Ao decompor uma malha que contém pares de contato, em !PARTITION, o parâmetro CONTACT permite especificar a política de alocação dos pontos de contato entre os domínios. A alocação dos pontos de contato afeta a estabilidade e o volume de comunicação de análises paralelas que envolvem busca de contato e restrições de contato.

Valor Função
DEFAULT Usa a política de alocação padrão.
SIMPLE Usa uma alocação próxima ao particionamento comum, sem atribuir pesos especiais aos pontos de contato.
AGGREGATE Particiona de modo a tender a agrupar os nós associados aos pares de contato.
DISTRIBUTE Particiona de modo que os nós do lado mestre do contato tenham menor tendência a se concentrar em subdomínios específicos.

Em malhas sem contato, normalmente não é necessário considerar o parâmetro CONTACT. Se houver problemas de convergência ou balanceamento de carga em uma análise paralela com contato, revise a política de alocação dos pontos de contato. Para detalhes da sintaxe de entrada, consulte !PARTITION.

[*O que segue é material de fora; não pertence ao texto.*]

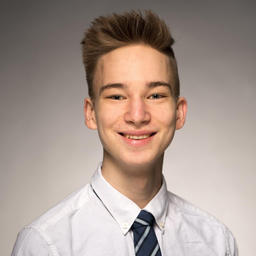 Lucas Schmutz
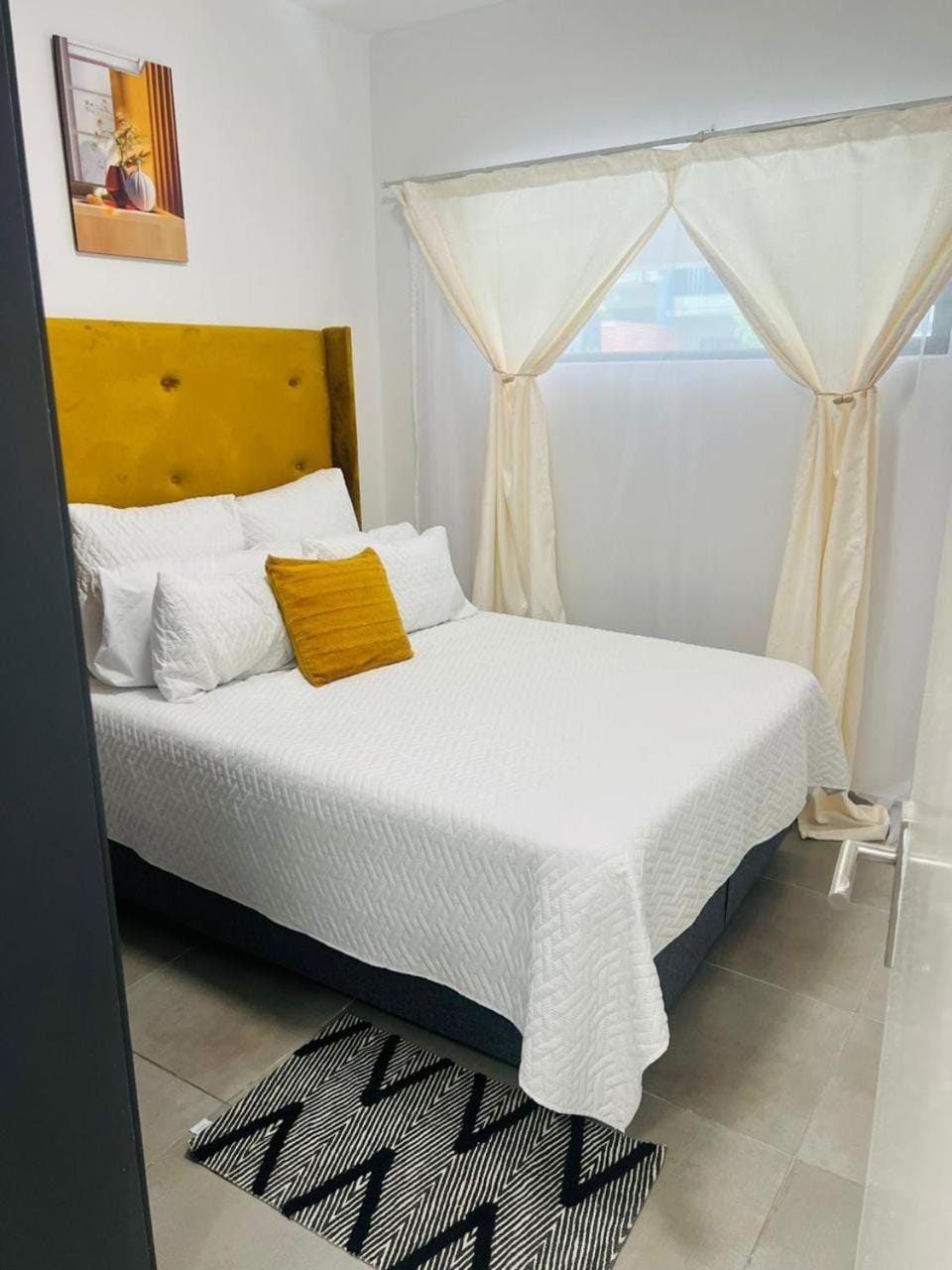 2 bedroom signature luxury apartment Apartment in Sandton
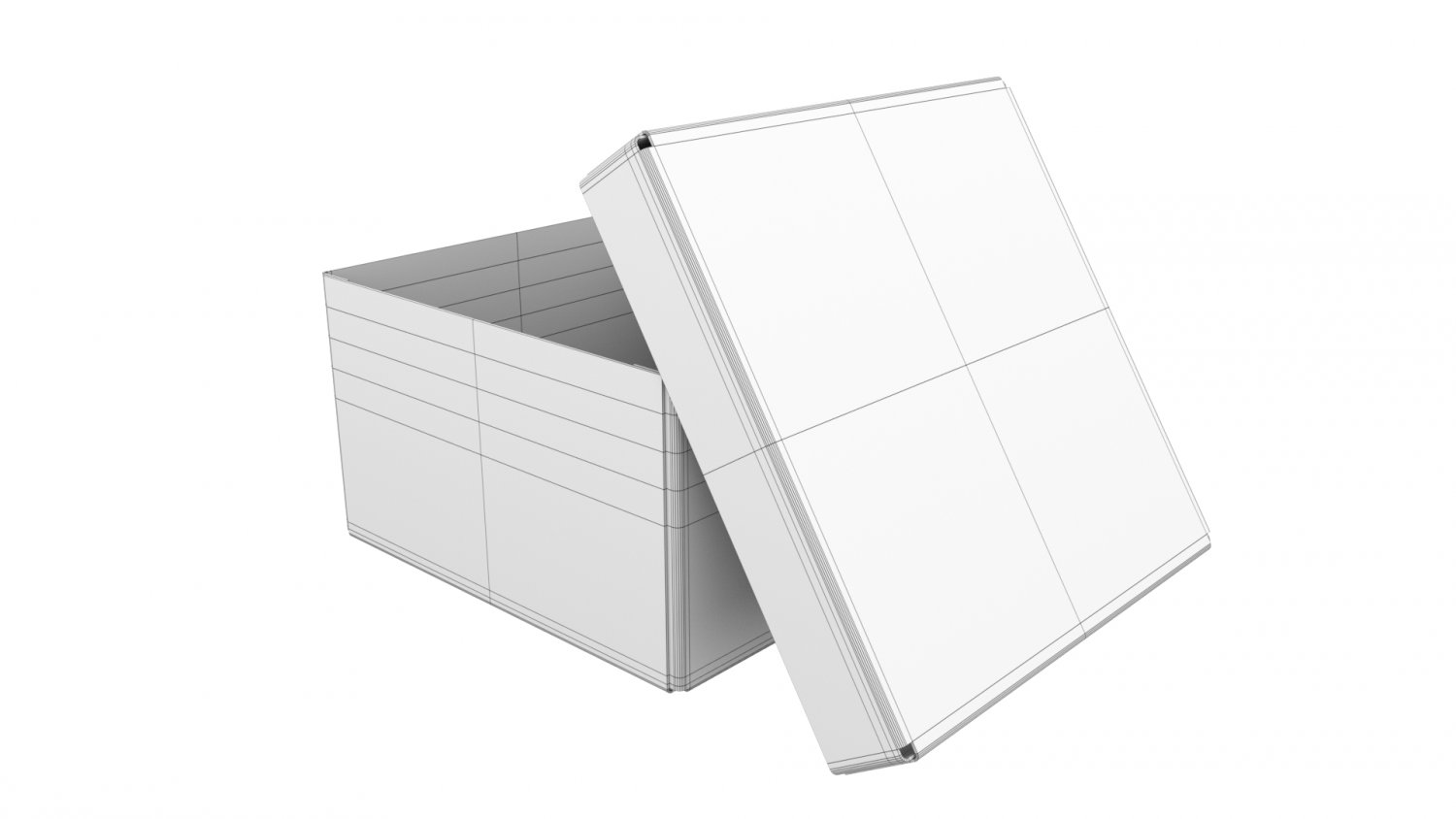 7 box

Independentemente disso, o parâmetro CONTACT_OWNER permite selecionar o esquema de propriedade do contato paralelo. Enquanto CONTACT especifica “como particionar”, CONTACT_OWNER especifica “qual lado fica responsável após o particionamento”.

Valor Função
MASTER Esquema de propriedade do mestre (padrão). A superfície mestre é particionada pelos domínios proprietários dos elementos, e os nós escravos são replicados em cada domínio proprietário do mestre.
SLAVE Esquema de propriedade do escravo. Cada nó escravo é mantido apenas em seu domínio proprietário, e toda a superfície mestre é colocada nesse domínio.

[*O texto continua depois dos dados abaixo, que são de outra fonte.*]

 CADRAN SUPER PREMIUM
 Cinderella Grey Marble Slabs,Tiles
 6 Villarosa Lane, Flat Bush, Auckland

No deslizamento finito (!CONTACT com INTERACTION=FSLID), quando um nó escravo atravessa uma fronteira de decomposição de domínio na superfície mestre, no esquema MASTER a busca de adjacência pode ser interrompida na fronteira, fazendo com que o estado de contato e o histórico de atrito sejam perdidos e que a solução dependa do número de domínios. O esquema SLAVE evita esse problema. Ele só pode ser especificado quando TYPE=NODE-BASED; o uso de memória aumenta nos domínios que possuem nós escravos.

Saída de imagem da decomposição de domínio

Ao especificar em !PARTITION o parâmetro UCD, é possível gerar um arquivo UCD para verificar o resultado da decomposição. O arquivo UCD pode ser usado com ferramentas de visualização, como MicroAVS, para verificar os números dos domínios e os limites da decomposição.

Depois de alterar o número de domínios, o método de particionamento ou a profundidade de sobreposição, é importante verificar se há desequilíbrio entre os domínios particionados ou fragmentação artificial. A saída UCD é uma função auxiliar para verificar a adequação da decomposição antes de executar a análise paralela.